Sin embargo, y, aunque cada caso sea diferente y no se pueda generalizar, podríamos afirmar que ser madre y maestra, o padre y maestro al mismo tiempo, así como ser hijo y alumno suponen una tensión para los implicados. Son dos lugares a cubrir, dos papeles, dos funciones con características muy distintas. Y cuesta vivirlas simultáneamente. Recuerdo un nene de año y medio que tuvimos en mi escuela, que fue matriculado después de estar un tiempo intentando que se adaptara en la escuela infantil en la que trabajaba su mamá. El pobre no pudo resistir el hecho de ver a la madre atendiendo a otros niños, en lugar de estar con él, que tanto la necesitaba al iniciar su periodo de adaptación.

También recuerdo a un papá que lo pasó fatal tratando de responder a su hija de dos años y a la vez a su grupo-clase. Intentó solventarlo a base de palabras, explicando a la niña y a los alumnos la situación, pero lo que consiguió fue que se estableciera un clima de malestar y alteración que costó de superar. Al final tuvo que llevar a la niña a otra escuela y él quedó frustrado al no conseguir su propósito con la voluntad que le había puesto.

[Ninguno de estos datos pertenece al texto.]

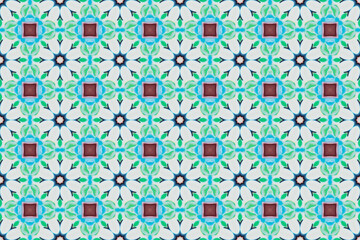 Seamless Template Background Art Endless Visual Cloth Design Decoration Tile Shape Graphic Digital Texture Wallpaper Luxury Perspective Fashion Symmetric Textile Geometric Fabric Interior Pattern.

Y es que en las etapas primeras, de puro impulso, afectos primitivos, y narcisismo, las cosas se viven a flor de piel y se requieren respuestas más a modo de presencias que de razonamientos. Por eso muchas maestras hacen por no estar en el mismo centro educativo que sus hijos y en algunas escuelas hay normas que prohíben que las maestras tengan a sus hijos en clase. Probablemente sería útil plantearse y debatir este tema en el seno de cada comunidad educativa.